The report concludes with six recommendations for the investment industry:

 

  1. Increase education. Natural capital is a new topic to many investors. CFA Institute calls on the investment management industry to support staff training and development in systems thinking and natural capital issues. Financial professionals will need to understand the broader implications of an interconnected world for estimating and managing risks.

     

  2. Enhance natural capital expectations in analyst reports. Natural capital touches every sector and every industry in the market. CFA Institute recommends that investment professionals account for natural capital in their risk analysis. The more that value is reflected in analyst reports, the more investors can place a proper value on natural capital.

     

  3. Increase development and disclosure of natural capital metrics. Natural capital covers many natural systems and ecosystem services. Specialized data for each of these areas already exist to some extent but often are not presented in investor-friendly ways or do not lend themselves to easy inclusion in a valuation model. CFA Institute encourages investors to work with standard setters and policymakers to expeditiously develop standard disclosures for natural capital to better assess investment risk and opportunity.

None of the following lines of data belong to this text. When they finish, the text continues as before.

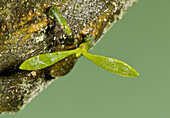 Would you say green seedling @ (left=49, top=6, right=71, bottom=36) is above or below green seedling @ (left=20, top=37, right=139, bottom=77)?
above

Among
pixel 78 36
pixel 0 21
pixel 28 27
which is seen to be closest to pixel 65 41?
pixel 78 36

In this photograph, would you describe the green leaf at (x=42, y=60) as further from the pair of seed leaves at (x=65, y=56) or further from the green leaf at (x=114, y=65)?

  4. Bring in experts. The ecosystem services that make up the natural capital landscape have been well researched for decades by scientists and professionals around the world. CFA Institute recommends that investment managers partner with these experts and bring them into the analysis process where appropriate and practical. Such expertise cannot be expeditiously replicated in house by investment managers or analysts and can offer a fresh perspective on what is practical and possible when evaluating natural capital investments.

     

  5. Engage with companies on physical and transition risks around natural capital issues. CFA Institute believes investors should engage with issuers to ensure that climate data, scenario analysis, and related disclosures are sufficiently thorough to support robust climate risk analysis in the investment process.

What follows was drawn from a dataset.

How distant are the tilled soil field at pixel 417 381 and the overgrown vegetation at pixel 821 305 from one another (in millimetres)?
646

  6. Advocate for policy that complements investor efforts. CFA Institute believes investors need to continue to meet with policymakers to ensure that they have the tools and data they need to support the efficient allocation of capital and that they can account for natural capital concerns.

Notes to Editors

The CFA Institute Certificate in ESG Investing supports individuals who are interested to learn how to analyze and integrate material ESG factors into their daily investment analysis practice, as well as individuals interested to improve their understanding of ESG issues more broadly. To date, more than 25,000 individuals have registered to study for the certificate.

About CFA Institute

CFA Institute is the global association of investment professionals that sets the standard for professional excellence and credentials. The organization is a champion of ethical behavior in investment markets and a respected source of knowledge in the global financial community. Our aim is to create an environment where investors’ interests come first, markets function at their best, and economics grow. There are more than 190,000 CFA charterholders worldwide in more than 160 markets. CFA Institute has nine offices worldwide and 160 local societies. For more information, visit www.cfainstitute.org or follow us on Linkedin and Twitter at @CFAInstitute.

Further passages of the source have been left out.